CVS Health's clients are primarily sponsors of health benefit plans (employers, insurance companies, unions, government employee groups and MCOs) and individuals located throughout the U.S.
An aging population combined with the fact that older people contribute to a larger proportion of expenditures on drugs will lead to an increase in the prescription drugs market size.
Looking at demographics, the number of people in the United States who are 65 or older was roughly 54 million in 2019 and the figure is expected to grow to 81 million in 2040. This age group fills an average of more than 25 prescriptions per person annually – 30% more than people between the ages of 55 and 64. That will increase utilization dramatically for years to come and will help drive the growth of both our PBM and retail businesses.

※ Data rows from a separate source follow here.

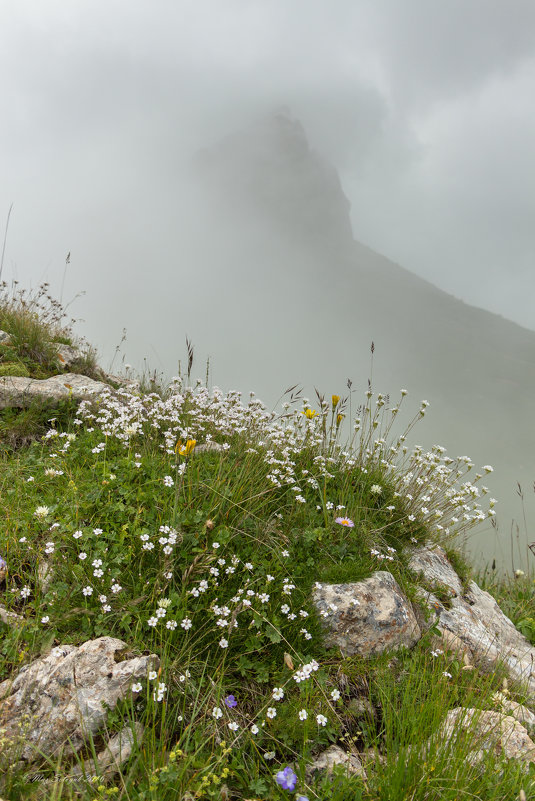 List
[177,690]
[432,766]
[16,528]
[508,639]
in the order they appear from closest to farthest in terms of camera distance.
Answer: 1. [432,766]
2. [177,690]
3. [16,528]
4. [508,639]

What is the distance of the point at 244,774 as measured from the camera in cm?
245

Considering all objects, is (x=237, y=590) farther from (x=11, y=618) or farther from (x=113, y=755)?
(x=11, y=618)

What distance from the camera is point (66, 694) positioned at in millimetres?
2553

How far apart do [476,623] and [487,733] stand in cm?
249

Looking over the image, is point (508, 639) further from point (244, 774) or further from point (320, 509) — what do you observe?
point (244, 774)

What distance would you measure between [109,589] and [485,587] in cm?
609

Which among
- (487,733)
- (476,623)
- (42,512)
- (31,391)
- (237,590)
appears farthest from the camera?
(31,391)

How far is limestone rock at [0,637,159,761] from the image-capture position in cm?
241

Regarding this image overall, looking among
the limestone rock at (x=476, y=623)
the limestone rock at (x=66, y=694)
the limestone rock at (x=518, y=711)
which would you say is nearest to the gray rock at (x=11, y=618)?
the limestone rock at (x=66, y=694)

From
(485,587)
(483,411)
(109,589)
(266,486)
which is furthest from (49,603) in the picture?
(483,411)

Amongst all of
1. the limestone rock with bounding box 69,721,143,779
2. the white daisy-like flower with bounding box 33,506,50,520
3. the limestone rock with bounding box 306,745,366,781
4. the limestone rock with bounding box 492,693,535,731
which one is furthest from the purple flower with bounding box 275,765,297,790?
the white daisy-like flower with bounding box 33,506,50,520

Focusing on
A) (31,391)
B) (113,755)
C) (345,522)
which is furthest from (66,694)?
(31,391)

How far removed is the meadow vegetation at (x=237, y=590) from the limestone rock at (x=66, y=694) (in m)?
0.09

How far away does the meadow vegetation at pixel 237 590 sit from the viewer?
2.30 meters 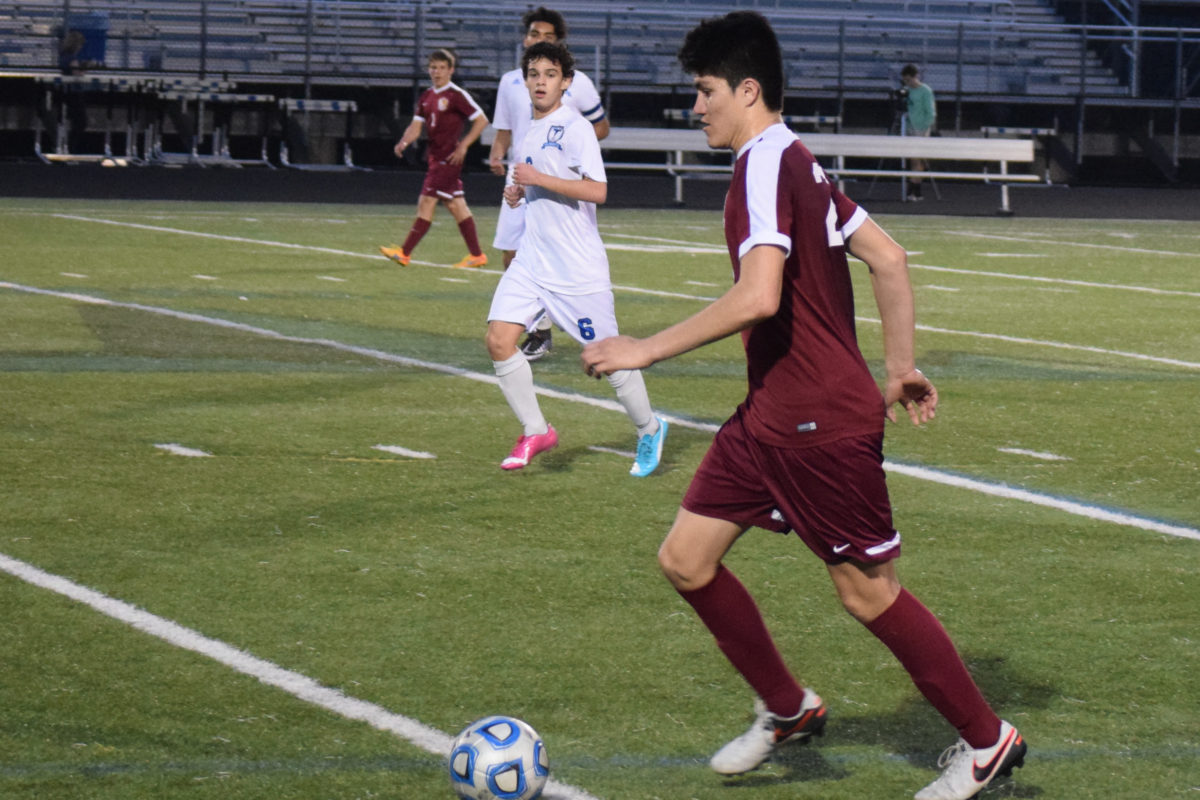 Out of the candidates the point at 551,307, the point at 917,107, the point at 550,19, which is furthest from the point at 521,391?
the point at 917,107

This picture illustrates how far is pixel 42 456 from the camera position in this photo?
809cm

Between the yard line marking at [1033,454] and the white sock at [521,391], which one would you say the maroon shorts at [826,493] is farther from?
the yard line marking at [1033,454]

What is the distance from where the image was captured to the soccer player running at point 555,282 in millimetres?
8086

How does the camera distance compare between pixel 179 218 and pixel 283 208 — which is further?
pixel 283 208

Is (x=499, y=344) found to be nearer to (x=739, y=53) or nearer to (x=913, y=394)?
(x=913, y=394)

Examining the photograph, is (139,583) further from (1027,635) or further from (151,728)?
(1027,635)

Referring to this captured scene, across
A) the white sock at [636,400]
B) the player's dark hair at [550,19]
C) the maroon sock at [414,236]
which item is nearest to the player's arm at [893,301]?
the white sock at [636,400]

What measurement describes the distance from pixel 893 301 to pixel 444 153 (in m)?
14.0

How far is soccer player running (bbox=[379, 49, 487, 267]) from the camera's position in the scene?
17.3 m

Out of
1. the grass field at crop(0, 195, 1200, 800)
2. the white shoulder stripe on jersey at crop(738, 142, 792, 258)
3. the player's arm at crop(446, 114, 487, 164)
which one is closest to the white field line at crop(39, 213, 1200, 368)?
the grass field at crop(0, 195, 1200, 800)

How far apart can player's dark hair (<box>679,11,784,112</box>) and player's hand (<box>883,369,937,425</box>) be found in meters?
0.73

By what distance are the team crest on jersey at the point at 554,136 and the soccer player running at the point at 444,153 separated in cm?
861

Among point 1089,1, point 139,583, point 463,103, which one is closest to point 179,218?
point 463,103

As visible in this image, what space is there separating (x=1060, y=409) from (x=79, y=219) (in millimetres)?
14958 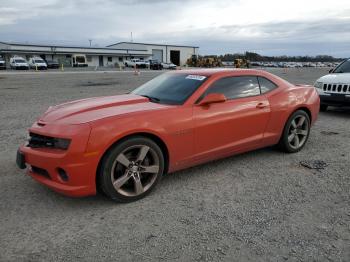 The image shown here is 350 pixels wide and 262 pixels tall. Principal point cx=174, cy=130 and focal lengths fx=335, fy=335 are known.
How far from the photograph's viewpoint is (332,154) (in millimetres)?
5508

Generic drugs offer approximately a significantly higher gross margins compared to branded drugs. The total generic dispensing rate, which factors the percentage of generic drugs in a consumer’s prescription, grew to around 87% in 2022, compared to 81% ten years ago. Generic drugs continue to replace branded drugs, albeit at a slower pace. With the expansion of generic drug sales in the U.S. (even if the pace is expected to slow down), each script will bring an incremental profits, allowing room for growth in EBIT margins.
Private labels have grown increasingly popular among US consumers as they offer the same quality as established brands and are priced lower. This offers customers value while providing CVS with significantly higher margins.